Given multiple static data streams, how to design an optimal scheduling policy?

I am trying to find an optimal scheduling policy when multiple static data streams are given. For example,

stream 0: 000---00--000

stream 1: 1111--11--11-11

stream 2: 22-222---2-2

...

Here, "1" means valid data processed in one cycle, "-" means one cycle stall. A dispatcher can only process valid data from one stream in each cycle. When one stream stalls, the dispatcher can always switch to another stream with valid data waiting. Or the dispatcher can make stream switching decisions with other scheduling policies.

For example, a strict round robin policy(follow order stream 0 1 2, even though the current selected stream is stalled or null) is shown below:

DispatchTimeLine: 012012012-1201201-01201201xx1

stream 0 time line:   0xx0xx0---xx0xx0--0xx0xx0xxxx  

stream 1 time line:   x1xx1xx1xx1--1xx1--1xx1-x1xx1 

stream 2 time line:   xx2xx2-x2xx2xx2---xx2-x2xxxxx

In this case, the dispatcher takes 29 cycles to process all the data. If using a greedy policy, a total of 26 cycles can be achieved. ("x" means waiting or idle.)

If the goal is the best performance (least number of total cycles), how to derive an optimal policy for the dispatcher? Is there any theoretical proof that is available for a more general case?

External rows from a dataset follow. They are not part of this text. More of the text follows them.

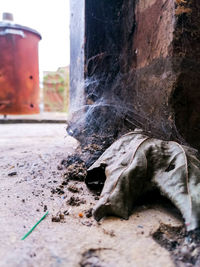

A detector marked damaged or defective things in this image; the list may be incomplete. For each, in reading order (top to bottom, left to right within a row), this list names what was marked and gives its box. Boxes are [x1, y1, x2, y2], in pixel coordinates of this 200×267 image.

rusty metal barrel [0, 13, 41, 114]
rust stain on barrel [0, 22, 41, 114]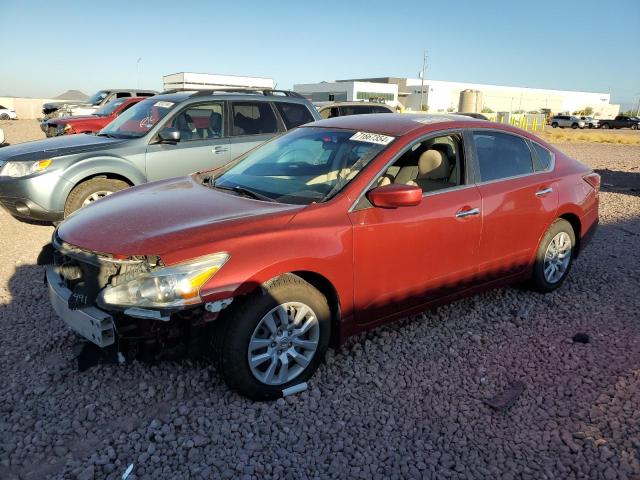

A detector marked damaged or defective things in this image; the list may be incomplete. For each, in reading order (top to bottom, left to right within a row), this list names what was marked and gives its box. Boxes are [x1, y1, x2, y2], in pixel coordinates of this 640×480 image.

damaged front bumper [46, 264, 116, 346]
broken plastic debris [282, 382, 308, 398]
broken plastic debris [484, 380, 524, 410]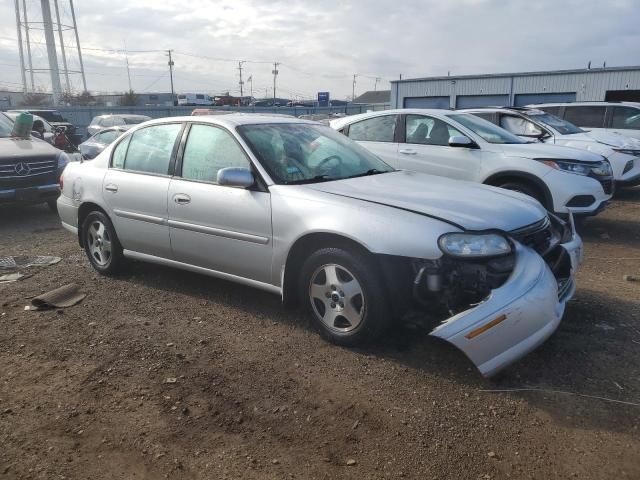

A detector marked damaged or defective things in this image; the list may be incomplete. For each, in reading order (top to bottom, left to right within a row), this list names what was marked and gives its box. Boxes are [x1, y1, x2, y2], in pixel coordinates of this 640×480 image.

crumpled hood [500, 142, 604, 163]
crumpled hood [564, 130, 636, 149]
crumpled hood [304, 171, 544, 232]
damaged silver sedan [57, 114, 584, 376]
broken headlight [438, 232, 512, 258]
crushed front bumper [430, 231, 580, 376]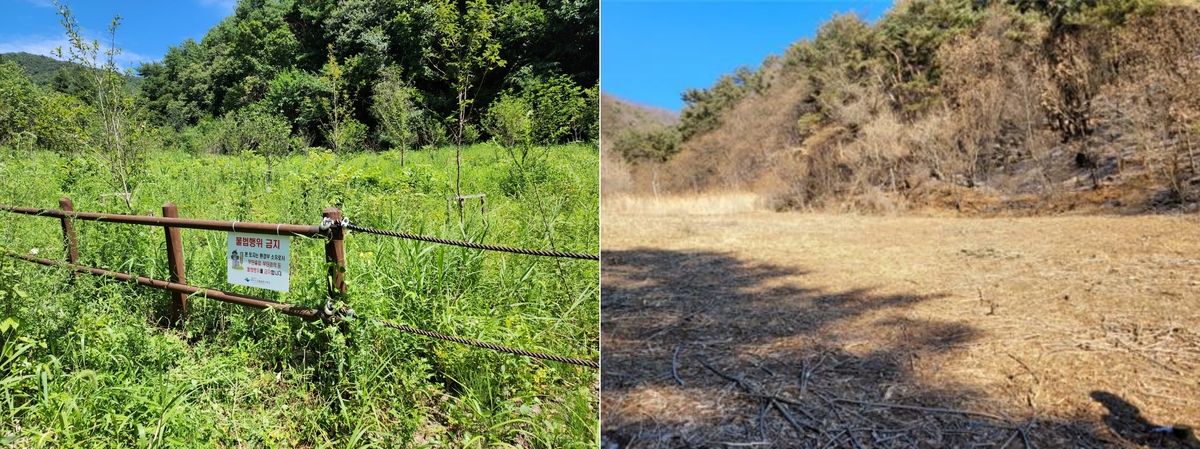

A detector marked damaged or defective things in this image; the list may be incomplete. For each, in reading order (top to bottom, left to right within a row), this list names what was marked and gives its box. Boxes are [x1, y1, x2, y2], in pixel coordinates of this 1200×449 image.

rusted metal fence rail [0, 200, 597, 367]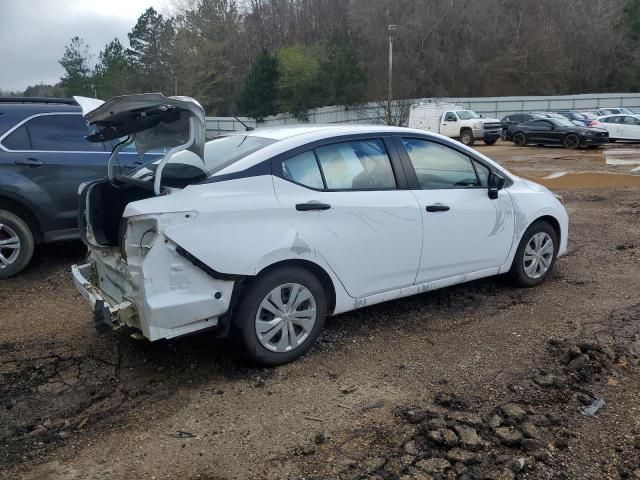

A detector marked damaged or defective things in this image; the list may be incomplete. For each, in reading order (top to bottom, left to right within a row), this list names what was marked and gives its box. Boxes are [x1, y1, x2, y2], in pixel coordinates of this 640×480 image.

detached bumper cover [71, 262, 134, 334]
damaged white car [71, 93, 568, 364]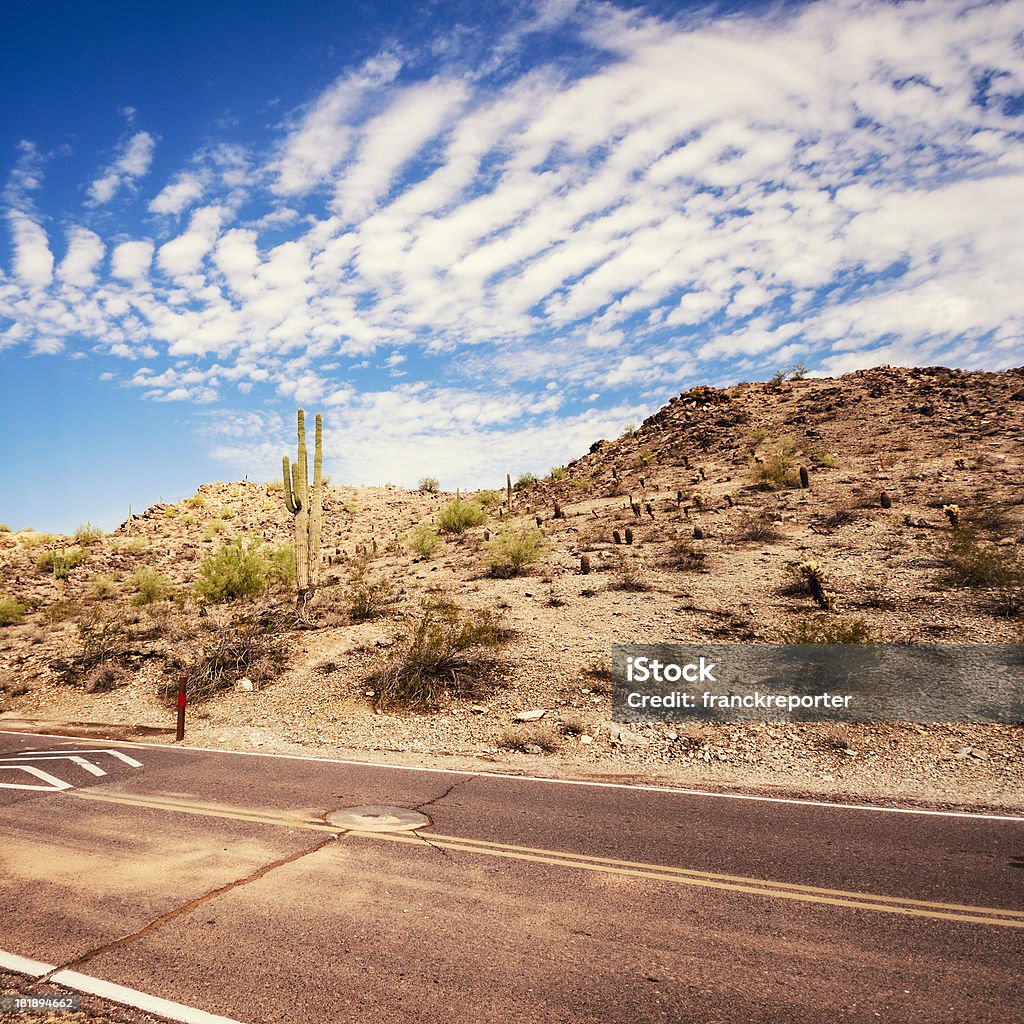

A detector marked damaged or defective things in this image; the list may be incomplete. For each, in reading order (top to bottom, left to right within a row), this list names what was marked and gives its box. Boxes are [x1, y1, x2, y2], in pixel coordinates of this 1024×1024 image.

crack in asphalt [38, 835, 339, 978]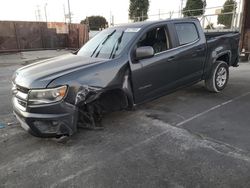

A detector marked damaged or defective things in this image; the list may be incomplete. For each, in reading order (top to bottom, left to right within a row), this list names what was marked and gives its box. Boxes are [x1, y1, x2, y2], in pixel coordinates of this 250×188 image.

crumpled hood [12, 53, 106, 89]
broken headlight [28, 85, 67, 105]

Below is a general description of this problem:

Assume there are N data point streams (0 to N-1), and each data point stream (Di) has its own static data point pattern (such as "valid, valid, valid...stall, stall,...", i.e., an interleaved sequence of "valid" and "stall" points. The number of "valid" is Vi, and the number of "stall" is Si. The temporal ordering within each stream is fixed.) There is no specific constraint for the value of N, Vi, and Si, and the data pattern for each data stream are also fixed during scheduling. In other words, there can be multiple, or a single data stream, and the composition and length of the data stream are not constrained.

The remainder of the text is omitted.